A vibrant harbor gateway, Hakodate is a satisfying fusion of Japanese and Western influences that makes for a perfect bookend to your travels through the spectacular wilds of Hokkaido. Despite its developing function as an entry point and transport hub for Japan’s northernmost island, Hakodate has retained its picturesque charm.
Hakodate is incredibly pretty and has an easy, breezy, holiday vibe.
Stop here to replenish your energy levels with a bit of all-inclusive sightseeing. Museums, (small) mountains, markets and hot springs are all there – often more tourist-friendly than in the bigger cities back on Honshu.

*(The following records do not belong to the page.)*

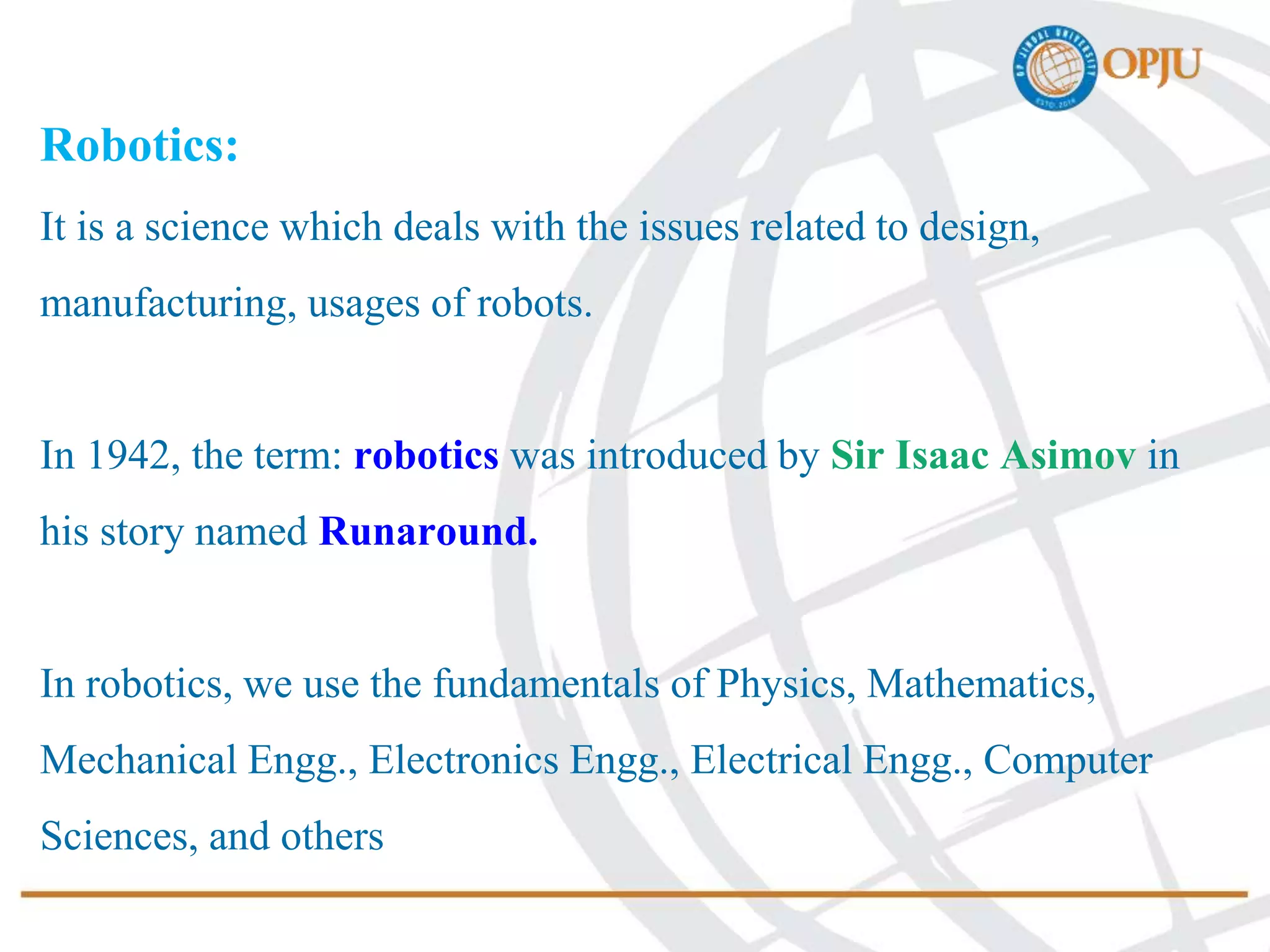 Robotics:
It is a science which deals with the issues related to design,
manufacturing, usages of robots.
In 1942, the term: robotics was introduced by Sir Isaac Asimov in
his story named Runaround.
In robotics, we use the fundamentals of Physics, Mathematics,
Mechanical Engg., Electronics Engg., Electrical Engg., Computer
Sciences, and others
 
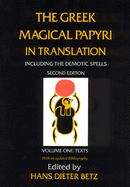 Book cover of The Greek Magical Papyri in Translation, Including the Demotic Spells, Volume 1 (2)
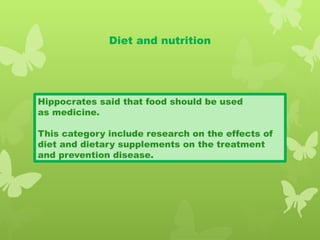 Diet and nutrition
Hippocrates said that food should be used
as medicine.
This category include research on the effects of
diet and dietary supplements on the treatment
and prevention disease.
 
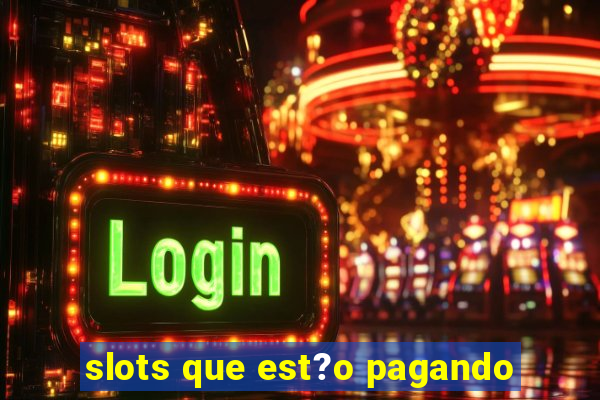 slots que est?o pagando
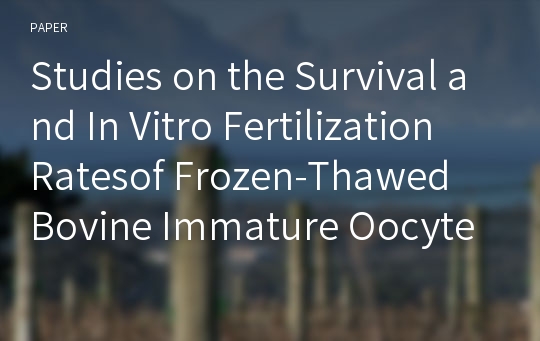 Studies on the Survival and In Vitro Fertilization Ratesof Frozen-Thawed Bovine Immature Oocytes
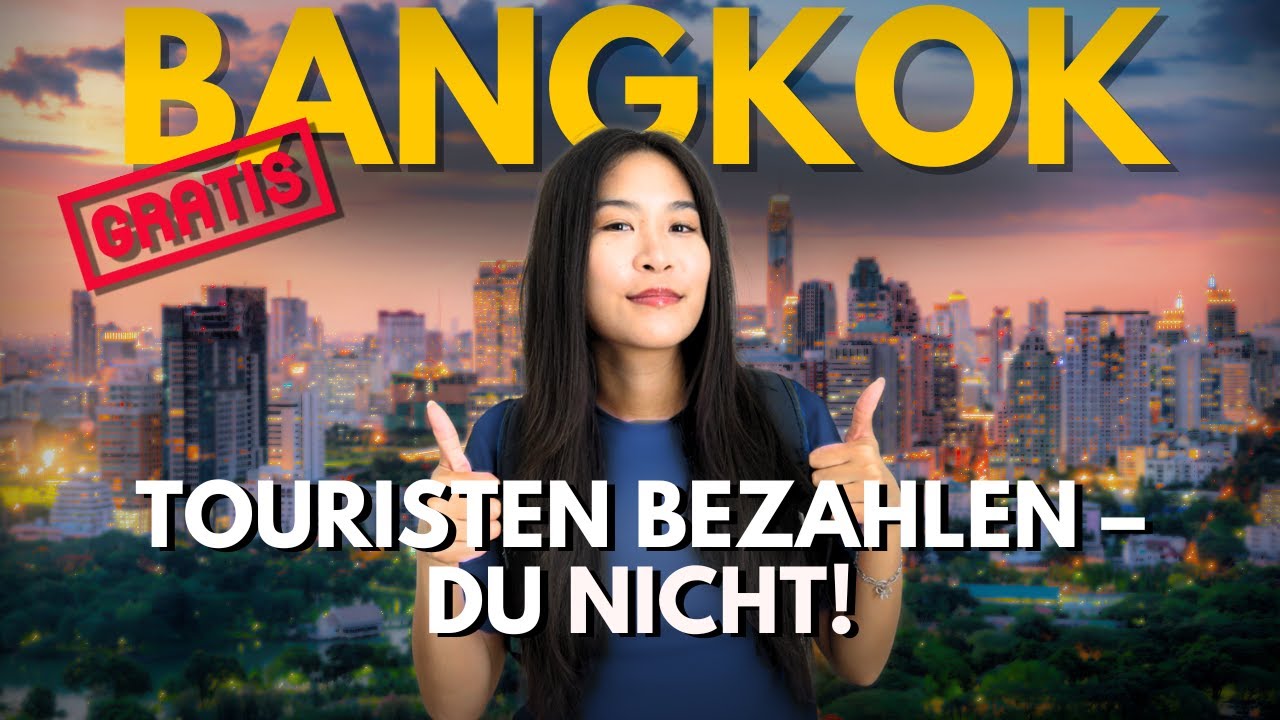 Bangkok 2026: Wie du (fast) alles gratis bekommst!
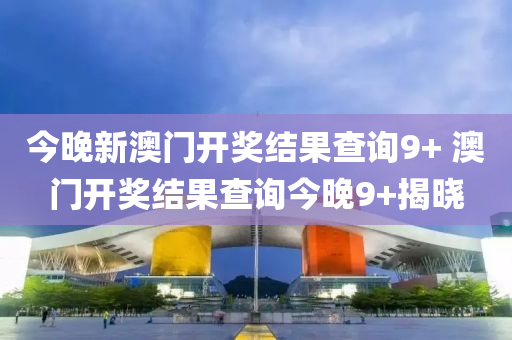 今晚新澳门开奖结果查询9+ 澳门开奖结果查询今晚9+揭晓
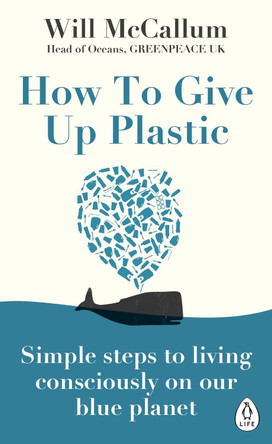 How to Give Up Plastic: Simple steps to living consciously on our blue planet by Will McCallum 9780241388938 [USED COPY]
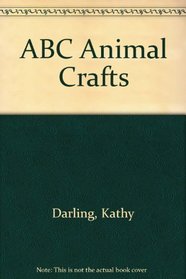 ABC Animal Crafts (Easy Crafts for Early Learners)
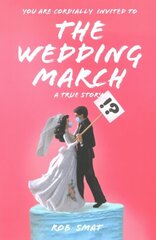 Wedding March: A David vs. Goliath Battle in Gavin Newsom's Golden State цена и информация | Книги по экономике | kaup24.ee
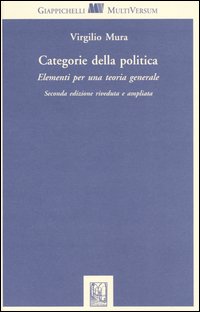 Categorie della politica. Elementi per una teoria generale
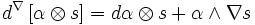 d^{\nabla}\left[\alpha\otimes s\right]=d\alpha\otimes s+ \alpha\wedge \nabla s
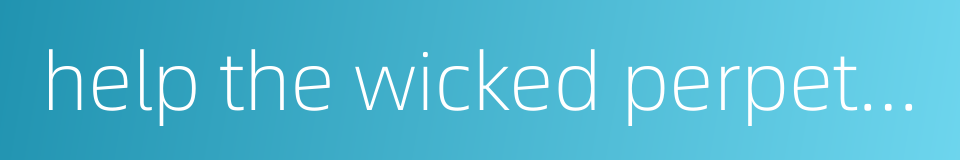 help the wicked perpetuate wicked deeds的同义词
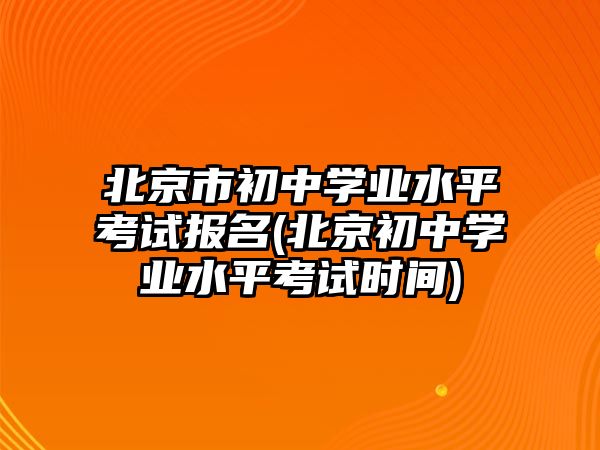 北京市初中學(xué)業(yè)水平考試報名(北京初中學(xué)業(yè)水平考試時間)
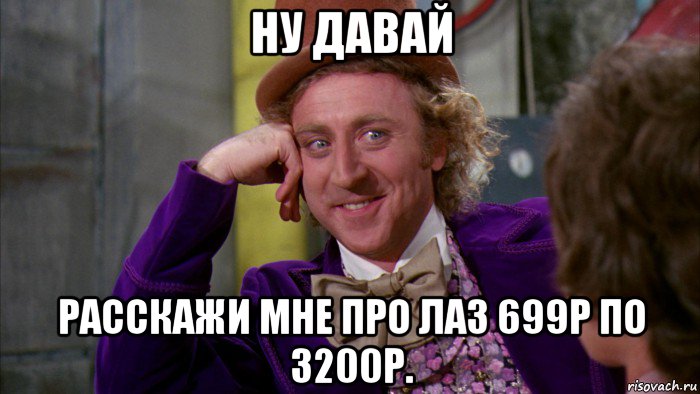 ну давай расскажи мне про лаз 699р по 3200р., Мем Ну давай расскажи (Вилли Вонка)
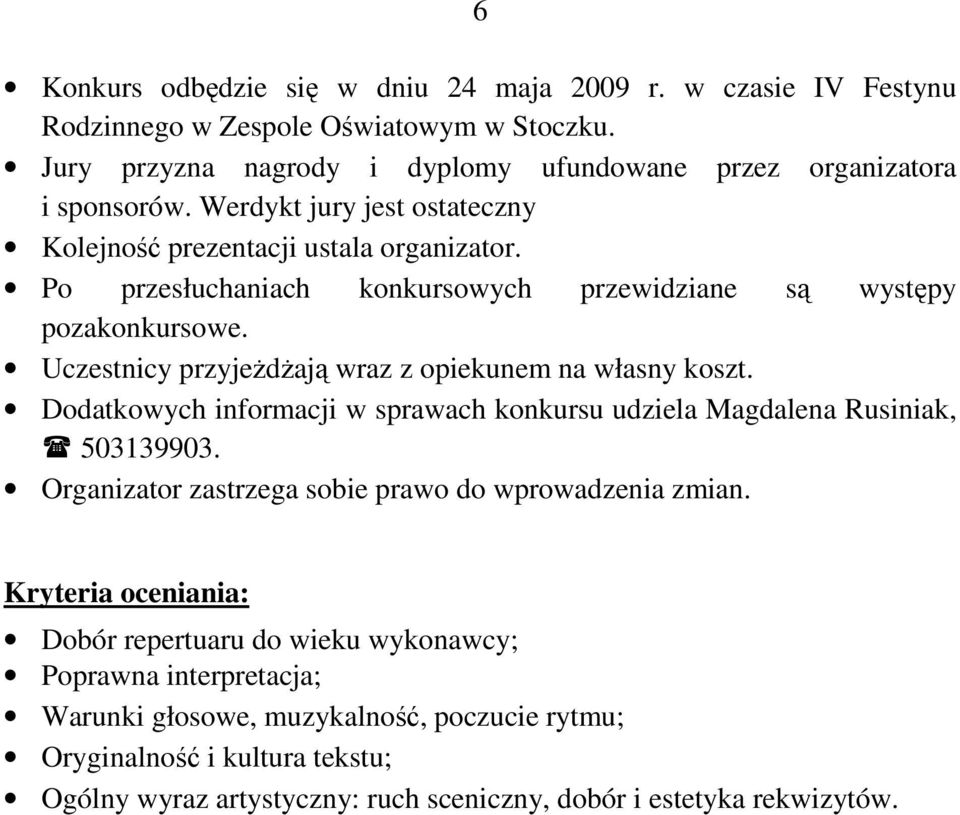 Uczestnicy przyjeŝdŝają wraz z opiekunem na własny koszt. Dodatkowych informacji w sprawach konkursu udziela Magdalena Rusiniak, 503139903.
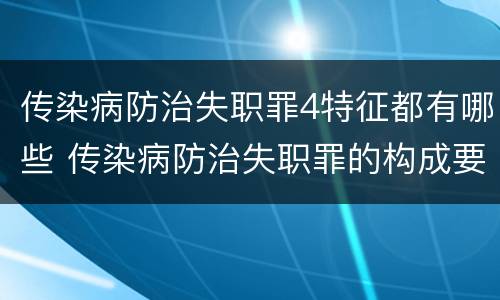 传染病防治失职罪4特征都有哪些 传染病防治失职罪的构成要件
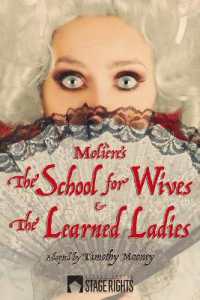 Molière by Mooney : The School for Wives & the Learned Ladies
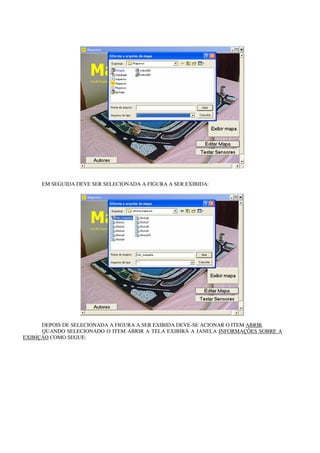 EM SEGUIDA DEVE SER SELECIONADA A FIGURA A SER EXIBIDA:




      DEPOIS DE SELECIONADA A FIGURA A SER EXIBIDA DEVE-SE ACIONAR O ITEM ABRIR.
      QUANDO SELECIONADO O ITEM ABRIR A TELA EXIBIRÁ A JANELA INFORMAÇÕES SOBRE A
EXIBIÇÃO COMO SEGUE:
 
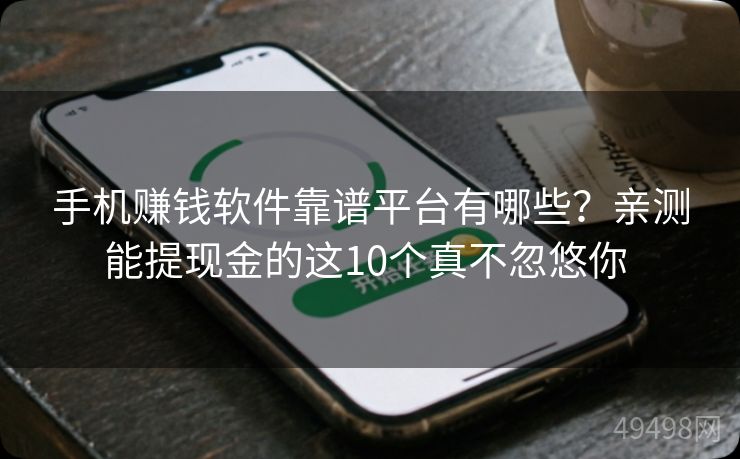 手机赚钱软件靠谱平台有哪些？亲测能提现金的这10个真不忽悠你 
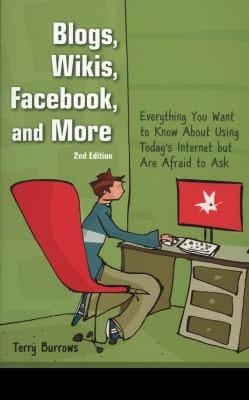Blogs Wikis Facebook And More The Beginners Guide To Life Online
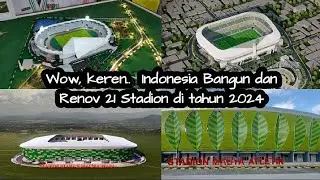 HEBAT..,INDONESIA SERENTAK BANGUN & RENOVASI 21 STADION MEGAH DI TAHUN 2024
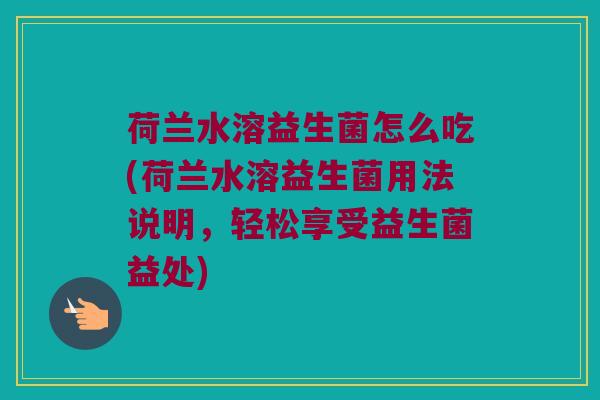 荷兰水溶益生菌怎么吃(荷兰水溶益生菌用法说明，轻松享受益生菌益处)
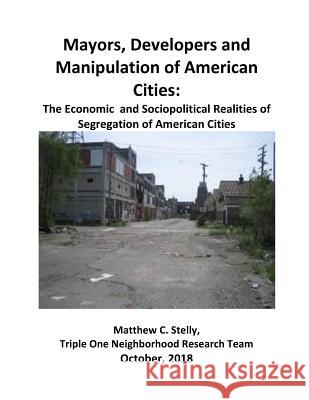 Mayors, Developers and the Manipulation of American Cities: The Economics and Sociopolitical Realities of Segregation of American Cities Matthew C. Stelly 9781727827934 Createspace Independent Publishing Platform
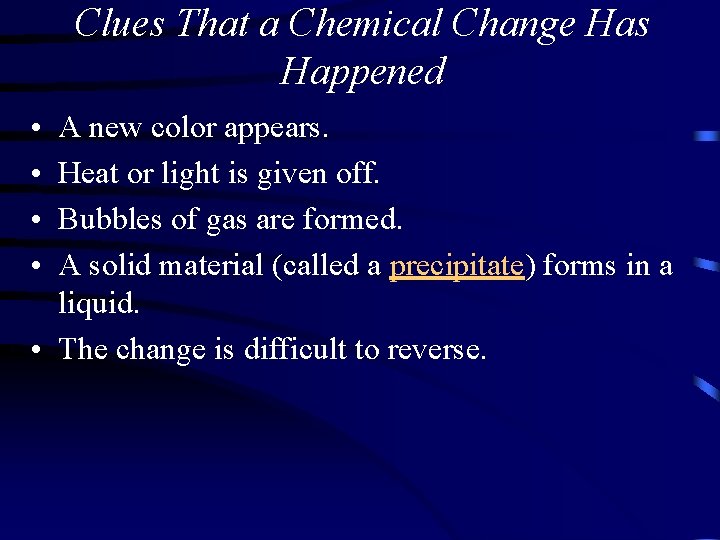 Clues That a Chemical Change Has Happened • • A new color appears. Heat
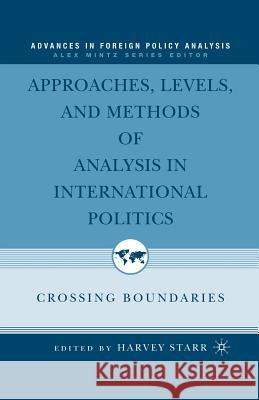 Approaches, Levels, and Methods of Analysis in International Politics: Crossing Boundaries Starr, H. 9781349532711 Palgrave MacMillan - książka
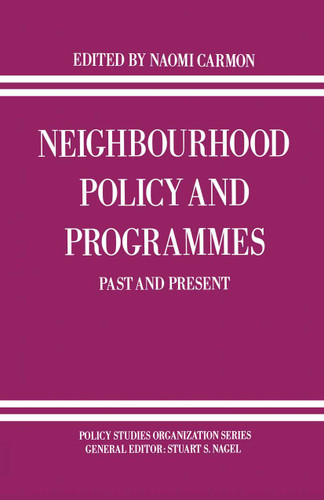 Neighbourhood Policy and Programmes: Past and Present (Policy Studies Organization Series) book cover by 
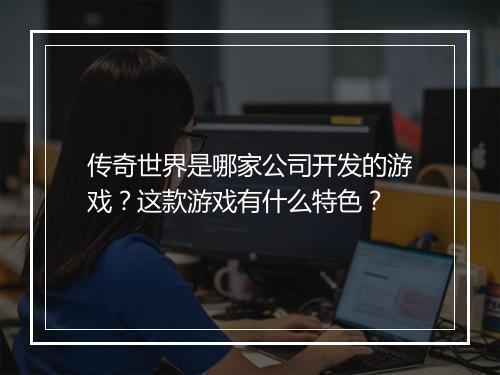 传奇世界是哪家公司开发的游戏？这款游戏有什么特色？
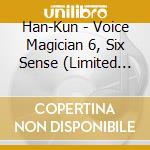 Han-Kun - Voice Magician 6, Six Sense (Limited Edition) (Cd+Dvd) cd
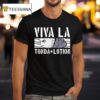 Viva La Tonda Lution T Shirt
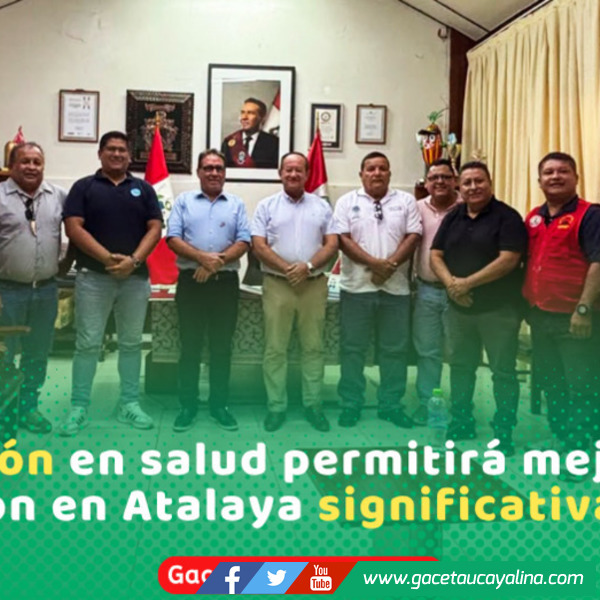 Destinan más de dos millones para mejorar centros de salud en Atalaya
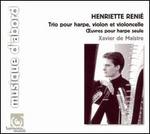 Henriette Reni: Trio; Oeuvres pour harpe seule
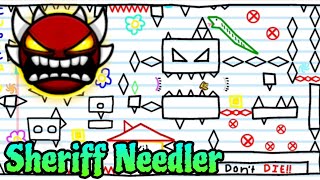 Sheriff Needler by Cubical7 100% (Platformer Extreme Demon) - Geometry Dash 2.2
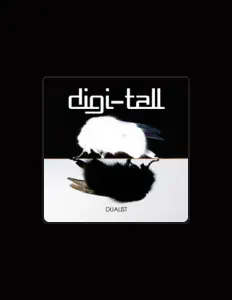 Ascolta Digi-Tall, guarda video musicali, leggi la biografia, vedi le date del tour & altro!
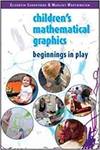 UNDERSTANDING CHILDREN'S MATHEMATICAL GRAPHICS: BEGINNINGS IN PLAY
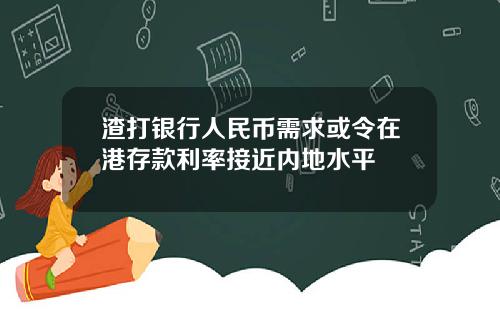 渣打银行人民币需求或令在港存款利率接近内地水平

Hakodate harbor was one of the first to open up to foreign trade after centuries of isolation and the city’s blend of traditional Japanese and 19th-century Western architecture shows influences from Russia, China and Europe. It’s cosmopolitan history is epitomized by the massive star-shaped Fort Goryokaku – a Western-style citadel turned public park that is one of Hokkaido’s top spots for cherry blossom viewing.
The best time to see Hakodate is at night. Mount Hakodate, a forested mountain at the city’s southern tip, offers magical views of the city and surrounding waters below which glow with the lights of squid fishing boats. You can reach the mountain at any time of the day; by hiking, driving or cable car.
Another reason to vote for Hakodate is the great food available. Being surrounded by the ocean on three sides, the fish in any number of the city’s restaurants is always fresh. The city’s speciality is squid, which comes in a variety of forms from raw and wriggling to deep-fried and even as ice-cream. Ramen, too, is popular, with the Hakodate version adding kelp, seafood, and/or squid to a delicious, warming broth.
The Asa-ichi (Morning Market) is a seafood lover’s dream. Stalls upon stalls offer up the days catch, as well as fresh fruits, vegetables and snacks, or you can try sourcing your own breakfast with a morning expedition into the bay. This is the best place to try a fresh sashimi breakfast; choose from one of the many restaurants dotted throughout the market.
Work off your fishy feast with a walk around the Motomachi area which is packed with 19th century Western-style architecture, including the old British Consulate, the Russian Greek Orthodox Church and the Old Public Hall.